Trust Center

We also identified a small number of customer API keys (used to send data to Datadog) in an exposed repository, and have contacted the affected customers directly advising them to disable and rotate these keys.

We are aware of the access by an unauthorized third party to a number of Datadog source code repositories. As part of our response, we identified the employee account that was compromised, secured access to the impacted repositories and verified that there was no access to our corporate network, customer environments or any datastore used to host our customer’s observability data.

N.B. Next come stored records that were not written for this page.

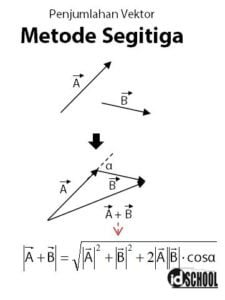 4 Metode Penjumlahan Vektor – Idschool.net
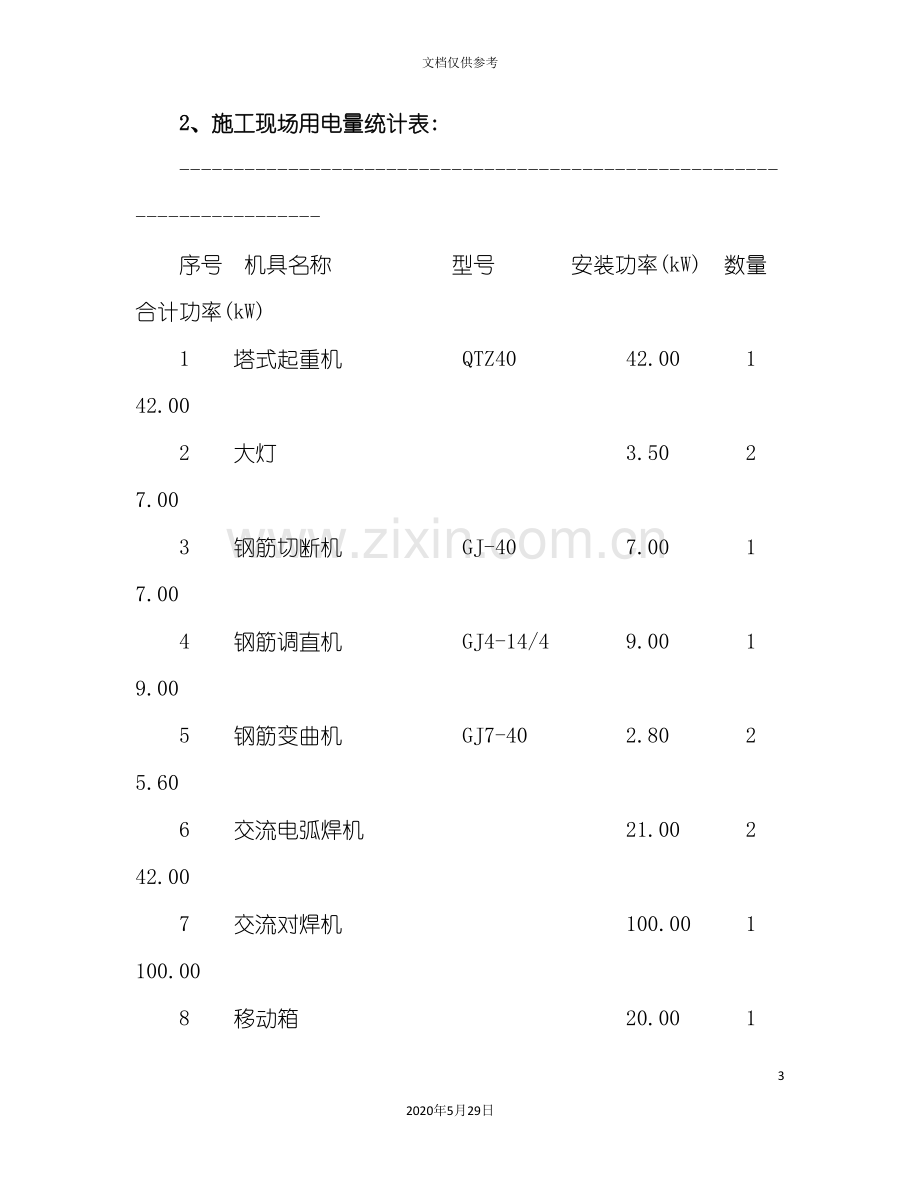 建筑工程施工临时用电专项方案编制.doc_第3页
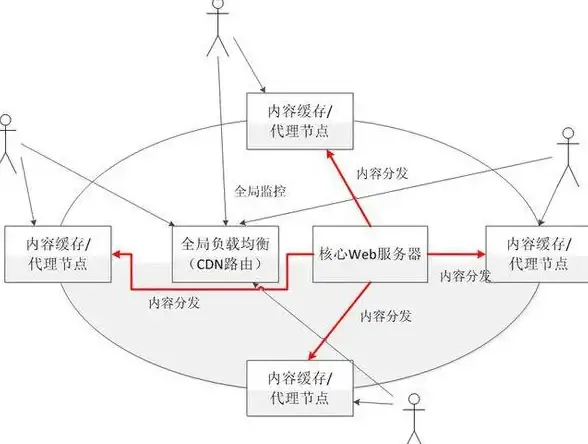 攻略秘籍📘效率提升📈河图寻仙记宋玉符文属性终极高效搭配指南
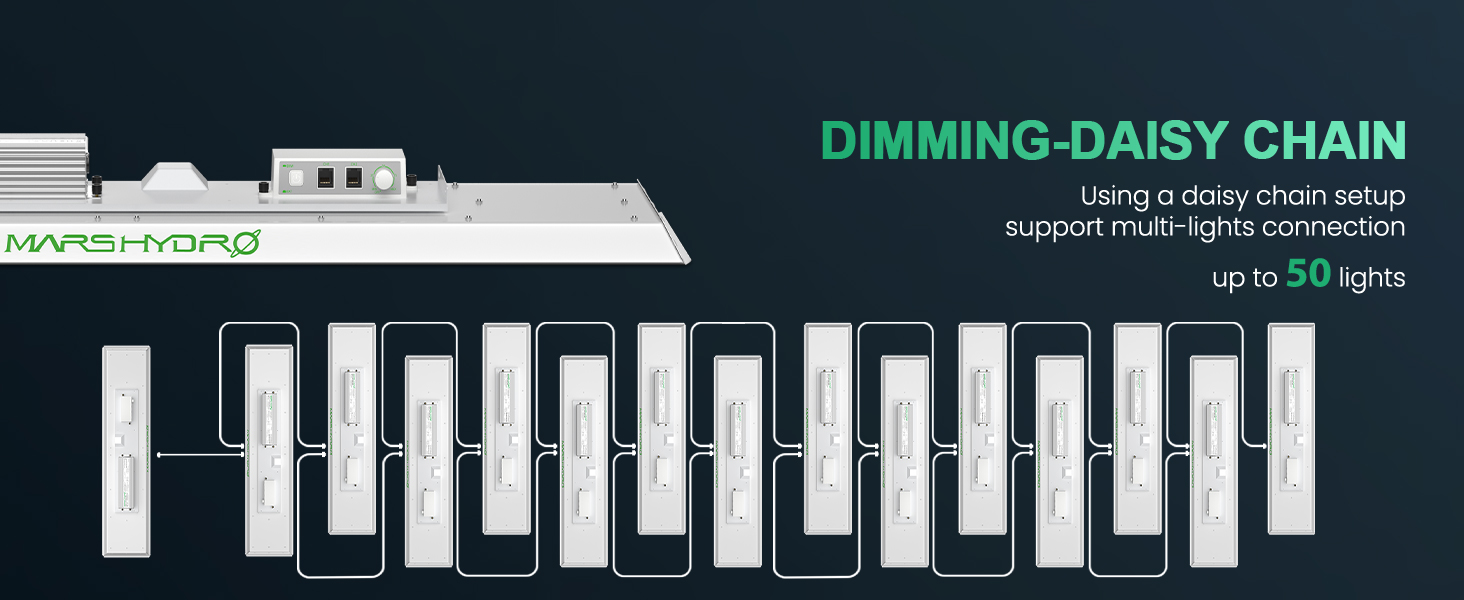 MARS HYDROTSL2000 DIMMING-DAISY CHAIN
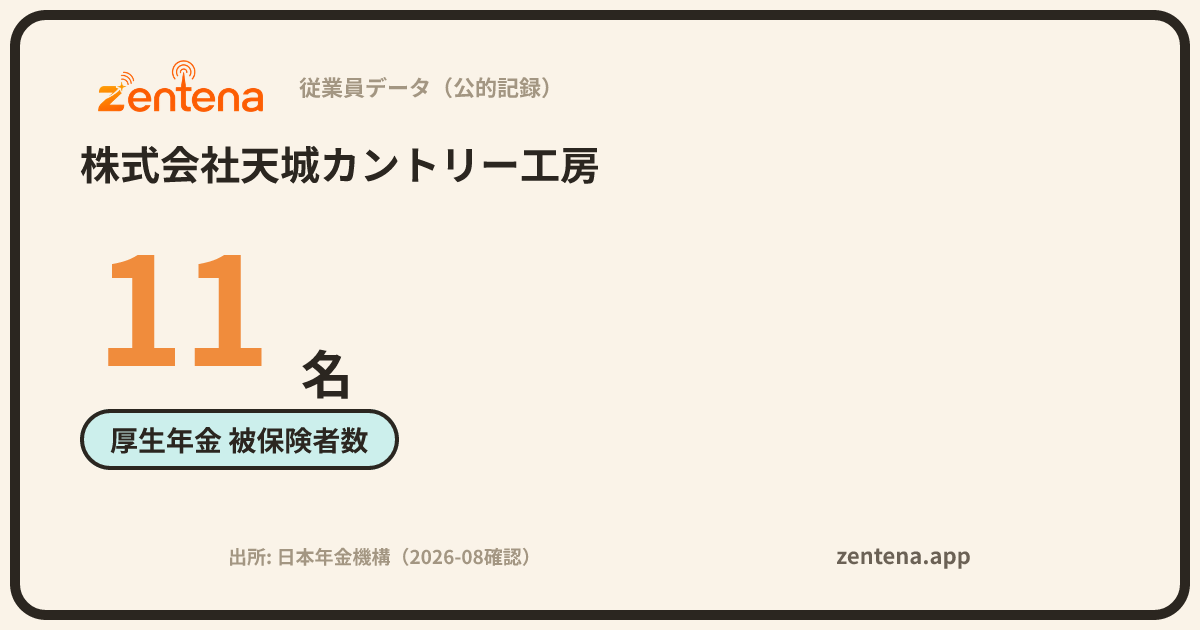 株式会社天城カントリー工房の従業員データカード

We're pleased to announce that summaries of Datadog's and Cloudcraft's 2024 penetration tests (as performed by NCC Group) are available on our security portal. These summaries are accompanied by Letters of Assessment. Please review the summaries and Letters of Assessment at your convenience.

In response to the recently discovered CUPS Zero-Day Vulnerabilities (CVE-2024-47176, CVE-2024-47076, CVE-2024-47175, CVE-2024-47177), Datadog is conducting an internal investigation. If we are vulnerable, we intend to patch our environment in adherence with our Vulnerability Management process. Our process and remediation timelines are outlined in our Vulnerability Management at Datadog white paper, which is available via our Trust Portal.

In the context of customer installed code, the Datadog Synthetics Private Location Worker container image has an affected version of libcups installed in the container. This image is not exploitable if configured using Datadog’s default or recommended configurations. Datadog has patched the affected image. Upgrade your Synthetics Private Locations to version 1.52.0 by following these instructions.

In response to the recently discovered Remote Unauthenticated Code Execution (RCE) vulnerability (CVE-2024-6387) in OpenSSH’s server (sshd), Datadog conducted an internal investigation, and has patched all impacted systems. Additionally, our environment is not publicly accessible via SSH. As such, we consider the vulnerability fully mitigated within the Datadog environment.

To check if your systems are vulnerable and guidance on how to remediate any affected systems, please refer to Datadog’s recent Security Labs blog post: RegreSSHion vulnerability CVE-2024-6387: Overview, detection, and remediation.

In May 2024, Mandiant notified Snowflake of unauthorized access to certain customer accounts. It was determined that this access did not stem from a breach of Snowflake’s enterprise environment, but rather compromised customer credentials.

We deployed our internal Detection and Response teams to search for signs of impact, and after a thorough investigation, it was determined that there was no impact to Datadog.

As an added precaution, we have successfully rotated or deleted keys for Snowflake service accounts.